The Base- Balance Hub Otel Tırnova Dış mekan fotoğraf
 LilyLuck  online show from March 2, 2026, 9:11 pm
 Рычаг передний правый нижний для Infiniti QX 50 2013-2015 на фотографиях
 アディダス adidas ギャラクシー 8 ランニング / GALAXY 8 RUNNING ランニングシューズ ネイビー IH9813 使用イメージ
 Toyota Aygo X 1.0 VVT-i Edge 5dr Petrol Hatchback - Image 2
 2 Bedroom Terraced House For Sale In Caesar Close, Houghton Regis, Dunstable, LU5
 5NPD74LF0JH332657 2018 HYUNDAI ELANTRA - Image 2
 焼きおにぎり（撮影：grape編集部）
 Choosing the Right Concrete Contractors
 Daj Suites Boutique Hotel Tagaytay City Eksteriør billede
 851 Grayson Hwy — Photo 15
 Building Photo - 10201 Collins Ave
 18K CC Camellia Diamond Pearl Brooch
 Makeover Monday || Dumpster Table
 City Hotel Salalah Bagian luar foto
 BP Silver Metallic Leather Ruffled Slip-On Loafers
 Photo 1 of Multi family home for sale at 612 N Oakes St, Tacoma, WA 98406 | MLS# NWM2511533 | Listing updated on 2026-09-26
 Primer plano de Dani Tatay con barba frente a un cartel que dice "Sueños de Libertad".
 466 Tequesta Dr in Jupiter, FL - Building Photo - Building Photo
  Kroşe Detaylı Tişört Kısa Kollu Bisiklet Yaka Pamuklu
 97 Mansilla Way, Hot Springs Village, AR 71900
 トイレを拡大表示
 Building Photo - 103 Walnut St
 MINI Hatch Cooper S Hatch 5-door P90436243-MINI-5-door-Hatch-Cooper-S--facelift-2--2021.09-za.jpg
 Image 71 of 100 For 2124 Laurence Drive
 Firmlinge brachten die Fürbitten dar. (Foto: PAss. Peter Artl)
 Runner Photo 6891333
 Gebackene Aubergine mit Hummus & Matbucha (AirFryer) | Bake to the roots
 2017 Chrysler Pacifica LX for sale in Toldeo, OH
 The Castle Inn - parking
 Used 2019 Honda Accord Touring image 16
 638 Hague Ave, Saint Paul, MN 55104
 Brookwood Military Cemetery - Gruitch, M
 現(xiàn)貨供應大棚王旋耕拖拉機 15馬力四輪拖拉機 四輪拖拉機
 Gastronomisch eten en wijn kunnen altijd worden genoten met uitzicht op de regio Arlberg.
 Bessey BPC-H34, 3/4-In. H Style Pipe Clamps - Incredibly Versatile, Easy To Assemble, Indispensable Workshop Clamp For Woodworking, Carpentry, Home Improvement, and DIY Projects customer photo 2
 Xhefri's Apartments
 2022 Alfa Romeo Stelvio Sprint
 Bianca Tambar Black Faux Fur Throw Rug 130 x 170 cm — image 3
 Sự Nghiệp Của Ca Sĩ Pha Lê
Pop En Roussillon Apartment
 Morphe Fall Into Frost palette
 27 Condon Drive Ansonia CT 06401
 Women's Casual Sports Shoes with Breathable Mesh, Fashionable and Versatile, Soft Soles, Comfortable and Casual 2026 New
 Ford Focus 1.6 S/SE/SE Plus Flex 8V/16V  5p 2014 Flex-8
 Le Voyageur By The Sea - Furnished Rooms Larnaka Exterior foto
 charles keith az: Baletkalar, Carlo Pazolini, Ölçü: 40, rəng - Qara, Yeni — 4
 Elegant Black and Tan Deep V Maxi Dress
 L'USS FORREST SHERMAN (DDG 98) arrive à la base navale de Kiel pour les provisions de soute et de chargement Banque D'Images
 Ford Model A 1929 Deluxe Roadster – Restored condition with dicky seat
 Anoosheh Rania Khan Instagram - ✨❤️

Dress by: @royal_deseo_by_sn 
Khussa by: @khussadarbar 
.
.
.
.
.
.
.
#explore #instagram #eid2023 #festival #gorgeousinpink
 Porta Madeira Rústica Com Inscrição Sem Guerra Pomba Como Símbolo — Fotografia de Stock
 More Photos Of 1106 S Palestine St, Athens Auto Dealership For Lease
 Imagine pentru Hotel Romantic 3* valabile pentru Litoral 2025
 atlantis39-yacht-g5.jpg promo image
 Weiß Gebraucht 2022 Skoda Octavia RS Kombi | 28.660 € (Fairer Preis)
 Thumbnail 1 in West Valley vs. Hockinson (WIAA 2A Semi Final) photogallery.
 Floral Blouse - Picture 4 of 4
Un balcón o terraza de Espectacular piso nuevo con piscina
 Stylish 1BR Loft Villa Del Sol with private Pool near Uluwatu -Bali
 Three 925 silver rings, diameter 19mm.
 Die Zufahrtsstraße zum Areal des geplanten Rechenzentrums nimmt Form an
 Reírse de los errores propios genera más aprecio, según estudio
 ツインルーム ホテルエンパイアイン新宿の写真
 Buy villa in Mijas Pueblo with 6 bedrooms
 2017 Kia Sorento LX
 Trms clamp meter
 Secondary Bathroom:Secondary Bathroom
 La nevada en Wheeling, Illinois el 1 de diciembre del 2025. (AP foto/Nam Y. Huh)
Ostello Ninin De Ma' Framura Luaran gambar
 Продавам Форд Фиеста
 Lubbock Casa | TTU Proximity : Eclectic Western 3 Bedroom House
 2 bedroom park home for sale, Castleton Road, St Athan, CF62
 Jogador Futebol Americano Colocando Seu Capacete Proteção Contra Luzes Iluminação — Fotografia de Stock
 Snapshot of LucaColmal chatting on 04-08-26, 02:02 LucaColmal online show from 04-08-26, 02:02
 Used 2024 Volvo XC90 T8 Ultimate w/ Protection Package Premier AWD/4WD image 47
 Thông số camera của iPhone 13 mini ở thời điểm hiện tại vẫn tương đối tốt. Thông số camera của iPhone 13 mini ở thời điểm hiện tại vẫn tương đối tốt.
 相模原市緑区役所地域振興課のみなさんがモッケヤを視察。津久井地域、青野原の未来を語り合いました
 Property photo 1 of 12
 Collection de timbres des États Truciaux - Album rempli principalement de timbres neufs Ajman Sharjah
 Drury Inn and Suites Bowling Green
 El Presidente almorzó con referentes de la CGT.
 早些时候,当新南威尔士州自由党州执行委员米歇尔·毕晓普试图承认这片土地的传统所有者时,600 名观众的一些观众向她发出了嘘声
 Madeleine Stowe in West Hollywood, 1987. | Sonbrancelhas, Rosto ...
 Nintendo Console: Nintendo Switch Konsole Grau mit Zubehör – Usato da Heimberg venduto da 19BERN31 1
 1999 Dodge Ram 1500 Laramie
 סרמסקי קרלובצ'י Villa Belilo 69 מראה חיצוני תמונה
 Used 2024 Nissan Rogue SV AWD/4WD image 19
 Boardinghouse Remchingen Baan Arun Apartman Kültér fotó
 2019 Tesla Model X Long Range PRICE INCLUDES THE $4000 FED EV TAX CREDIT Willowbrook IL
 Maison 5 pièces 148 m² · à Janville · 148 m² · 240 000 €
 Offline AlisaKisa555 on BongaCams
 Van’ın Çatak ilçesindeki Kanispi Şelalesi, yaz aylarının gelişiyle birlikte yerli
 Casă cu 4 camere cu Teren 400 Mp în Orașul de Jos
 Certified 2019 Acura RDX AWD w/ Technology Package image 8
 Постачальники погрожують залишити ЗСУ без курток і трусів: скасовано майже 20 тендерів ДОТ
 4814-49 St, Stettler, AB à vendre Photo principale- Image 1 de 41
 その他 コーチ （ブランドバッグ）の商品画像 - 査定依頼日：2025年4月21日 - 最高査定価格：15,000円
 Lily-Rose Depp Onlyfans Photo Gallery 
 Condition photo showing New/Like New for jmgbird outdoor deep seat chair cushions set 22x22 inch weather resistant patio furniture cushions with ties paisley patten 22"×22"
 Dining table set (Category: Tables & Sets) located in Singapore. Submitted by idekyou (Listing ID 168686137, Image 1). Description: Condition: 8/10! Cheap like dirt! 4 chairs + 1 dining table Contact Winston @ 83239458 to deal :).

WHAT IS BEING ASKED:
Reproduce the lines of the records exactly, from the first one through the line that contains "Toyota Aygo X".

TASK OUTPUT:
The Base- Balance Hub Otel Tırnova Dış mekan fotoğraf
 LilyLuck  online show from March 2, 2026, 9:11 pm
 Рычаг передний правый нижний для Infiniti QX 50 2013-2015 на фотографиях
 アディダス adidas ギャラクシー 8 ランニング / GALAXY 8 RUNNING ランニングシューズ ネイビー IH9813 使用イメージ
 Toyota Aygo X 1.0 VVT-i Edge 5dr Petrol Hatchback - Image 2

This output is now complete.